在新兴环境和应用中开发智能,重点关注物联网。
Sensors (Basel). 2022 Nov 18;22(22):8939. doi: 10.3390/s22228939.
4
Analysis of the implementation of urban computing in smart cities: A framework for the transformation of Saudi cities.智慧城市中城市计算实施情况分析:沙特城市转型框架
Heliyon. 2022 Oct 18;8(10):e11138. doi: 10.1016/j.heliyon.2022.e11138. eCollection 2022 Oct.
5
LidSonic V2.0: A LiDAR and Deep-Learning-Based Green Assistive Edge Device to Enhance Mobility for the Visually Impaired.LidSonic V2.0:一种基于激光雷达和深度学习的绿色辅助边缘设备,可增强视障人士的移动能力。
Sensors (Basel). 2022 Sep 30;22(19):7435. doi: 10.3390/s22197435.
6
Imtidad: A Reference Architecture and a Case Study on Developing Distributed AI Services for Skin Disease Diagnosis over Cloud, Fog and Edge.Imtidad:用于在云、雾和边缘上开发皮肤病诊断分布式 AI 服务的参考架构和案例研究。
Sensors (Basel). 2022 Feb 26;22(5):1854. doi: 10.3390/s22051854.
分布式人工智能即服务 (DAIaaS) 助力更智能的物联网和 6G 环境。
Sensors (Basel). 2020 Oct 13;20(20):5796. doi: 10.3390/s20205796.
4
Smarter Traffic Prediction Using Big Data, In-Memory Computing, Deep Learning and GPUs.利用大数据、内存计算、深度学习和图形处理器实现更智能的交通预测。

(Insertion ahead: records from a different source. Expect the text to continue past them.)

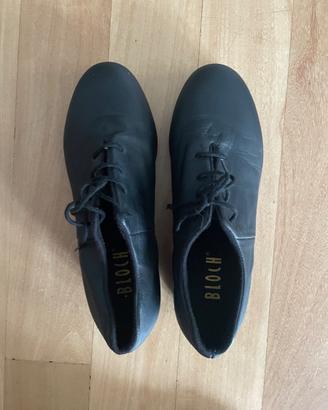 Scarpe Tip Tap Professionali BLOCH Nere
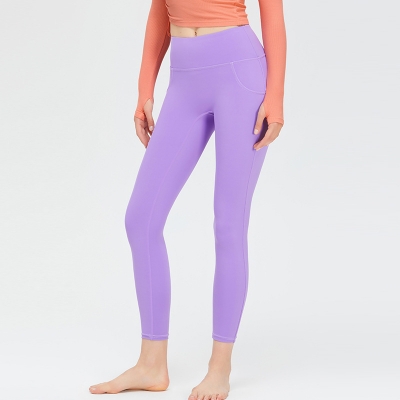 SKL-SYFTM0102 HIGH WAIST BUTT LIFT HIP YOGA PANTS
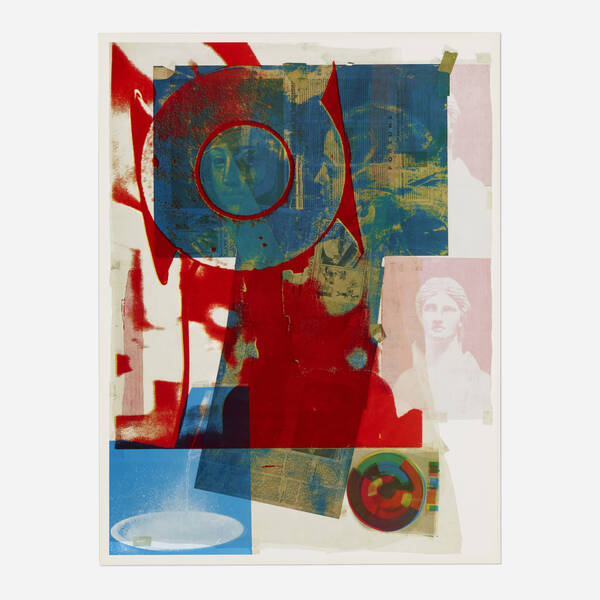 Robert Rauschenberg 1925–2008.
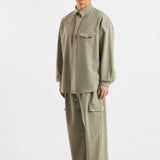 Tulon | Light Green - Shirts Don't Waste Culture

Sensors (Basel). 2019 May 13;19(9):2206. doi: 10.3390/s19092206.
5
Traffic Congestion Detection System through Connected Vehicles and Big Data.基于联网车辆和大数据的交通拥堵检测系统
Sensors (Basel). 2016 Apr 28;16(5):599. doi: 10.3390/s16050599.
6
Use of the 'ex vivo' test to study long-term bacterial survival on human skin and their sensitivity to antisepsis.使用“体外”试验研究细菌在人体皮肤上的长期存活情况及其对抗菌处理的敏感性。
J Appl Microbiol. 2004;97(6):1149-60. doi: 10.1111/j.1365-2672.2004.02403.x.